** Work instructions **
The whole listing, except its pictures, is to be repeated exactly.

** Data for this task **

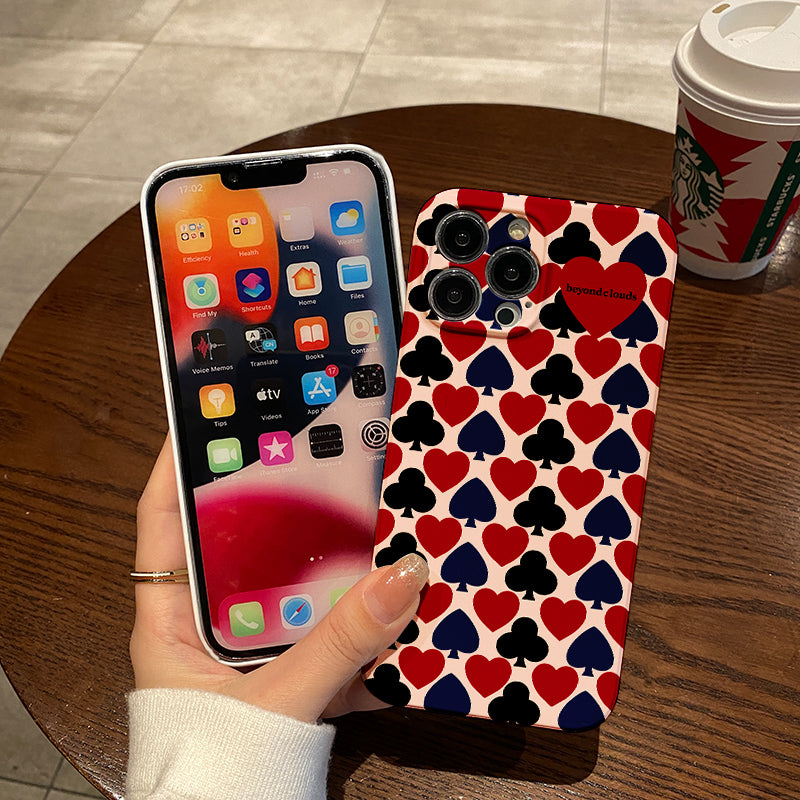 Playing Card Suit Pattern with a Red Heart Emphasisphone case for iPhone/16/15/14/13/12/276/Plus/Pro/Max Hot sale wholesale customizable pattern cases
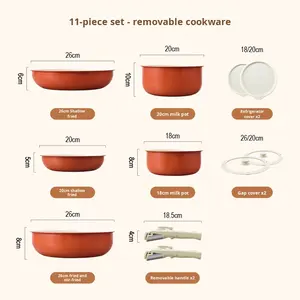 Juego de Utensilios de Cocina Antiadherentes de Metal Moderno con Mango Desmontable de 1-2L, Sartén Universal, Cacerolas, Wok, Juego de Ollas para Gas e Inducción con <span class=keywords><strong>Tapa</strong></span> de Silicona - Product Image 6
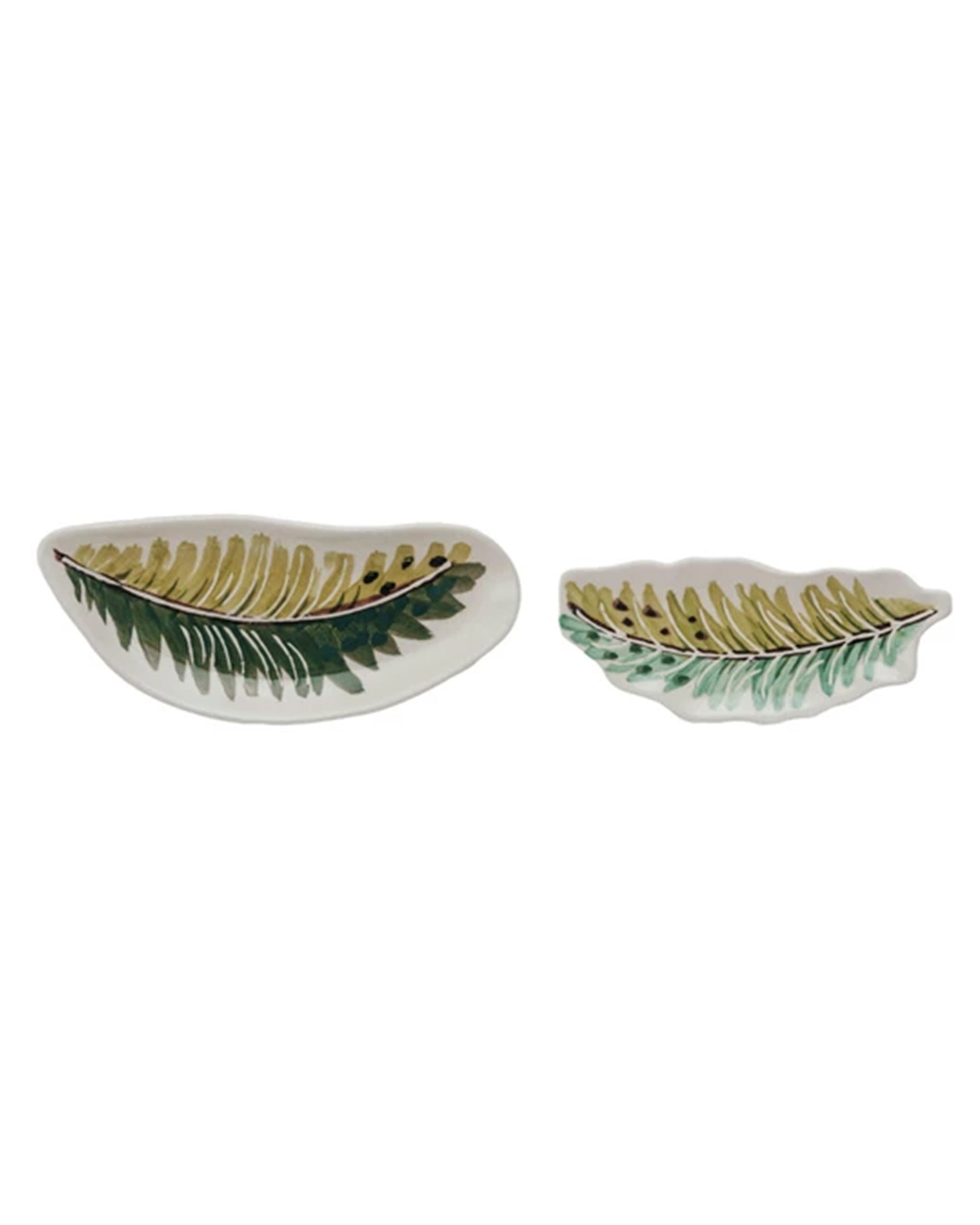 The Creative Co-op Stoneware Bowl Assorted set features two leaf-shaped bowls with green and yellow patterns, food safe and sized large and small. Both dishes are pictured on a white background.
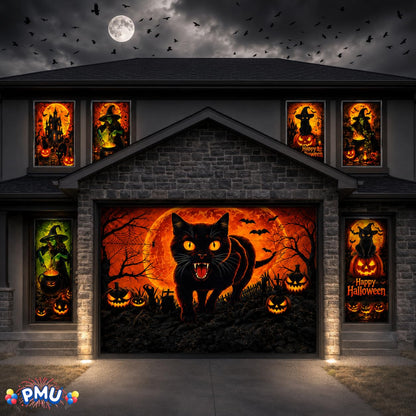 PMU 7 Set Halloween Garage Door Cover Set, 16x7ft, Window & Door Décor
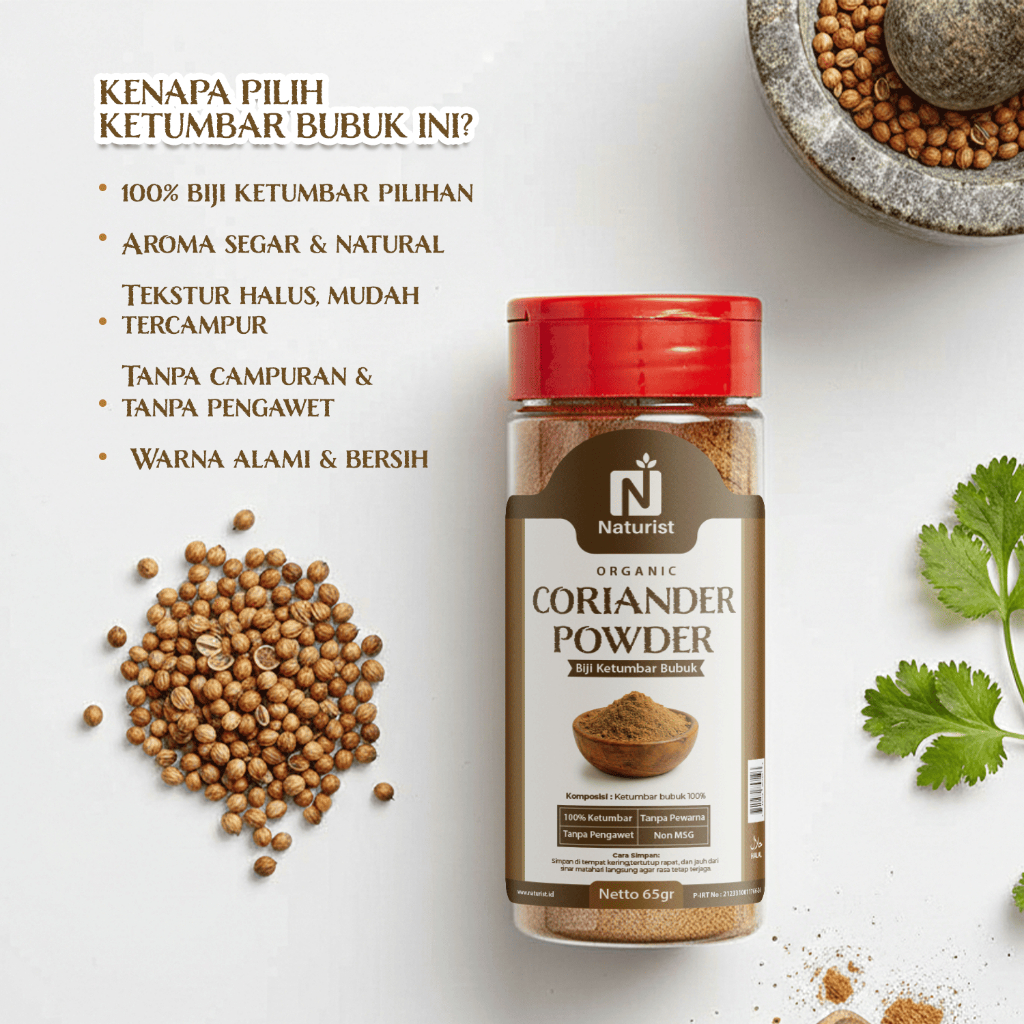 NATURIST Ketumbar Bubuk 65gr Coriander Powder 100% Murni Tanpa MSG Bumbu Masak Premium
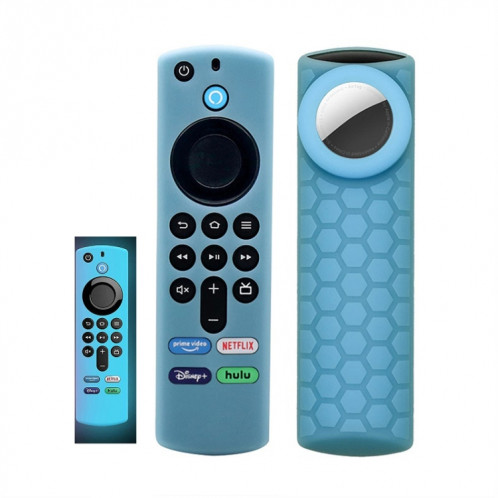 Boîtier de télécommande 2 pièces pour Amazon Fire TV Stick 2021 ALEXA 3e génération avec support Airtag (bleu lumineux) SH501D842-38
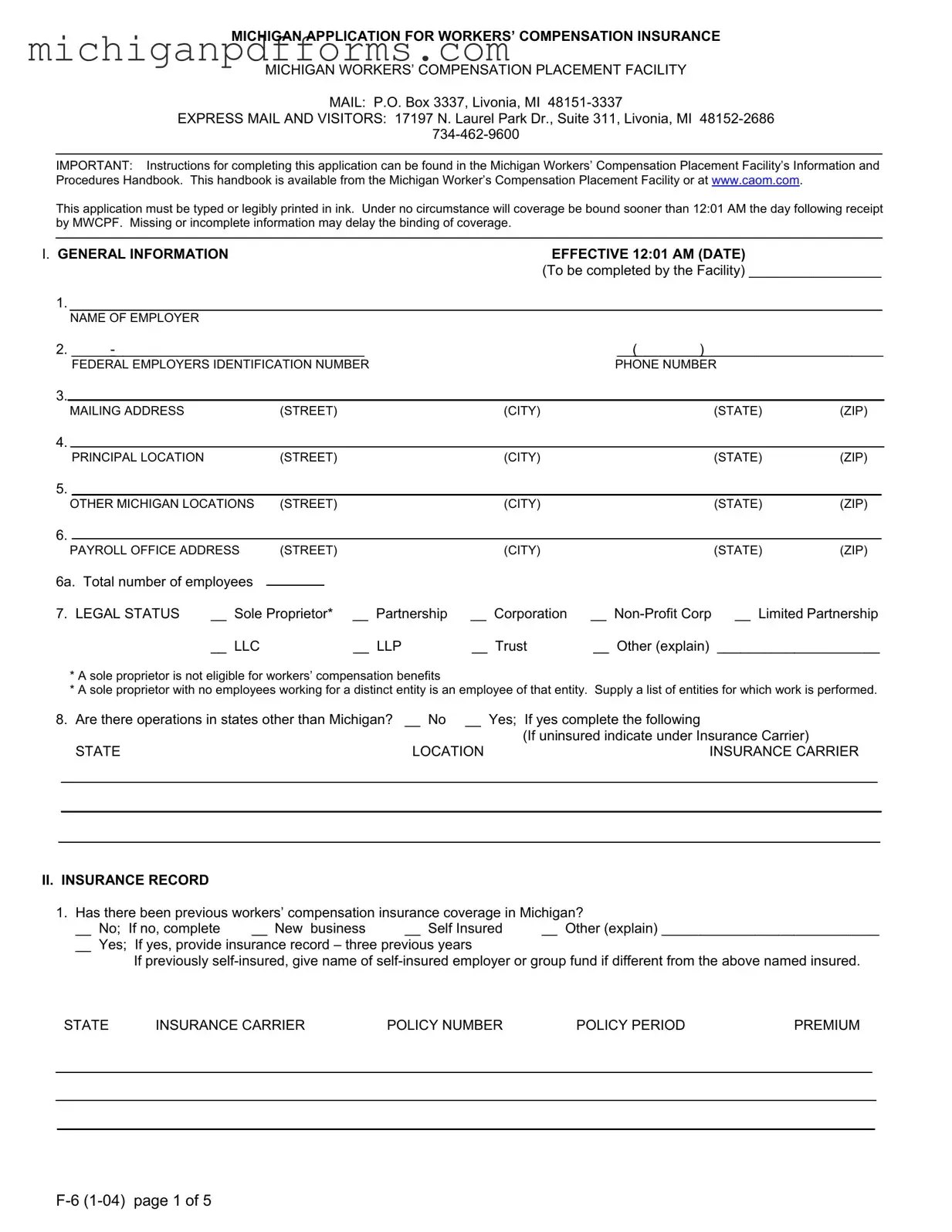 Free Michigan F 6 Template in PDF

** Answer box **
 Playing Card Suit Pattern with a Red Heart Emphasisphone case for iPhone/16/15/14/13/12/276/Plus/Pro/Max Hot sale wholesale customizable pattern cases
 Juego de Utensilios de Cocina Antiadherentes de Metal Moderno con Mango Desmontable de 1-2L, Sartén Universal, Cacerolas, Wok, Juego de Ollas para Gas e Inducción con <span class=keywords><strong>Tapa</strong></span> de Silicona - Product Image 6
 The Creative Co-op Stoneware Bowl Assorted set features two leaf-shaped bowls with green and yellow patterns, food safe and sized large and small. Both dishes are pictured on a white background.
 PMU 7 Set Halloween Garage Door Cover Set, 16x7ft, Window & Door Décor
 NATURIST Ketumbar Bubuk 65gr Coriander Powder 100% Murni Tanpa MSG Bumbu Masak Premium
 Boîtier de télécommande 2 pièces pour Amazon Fire TV Stick 2021 ALEXA 3e génération avec support Airtag (bleu lumineux) SH501D842-38
 Free Michigan F 6 Template in PDF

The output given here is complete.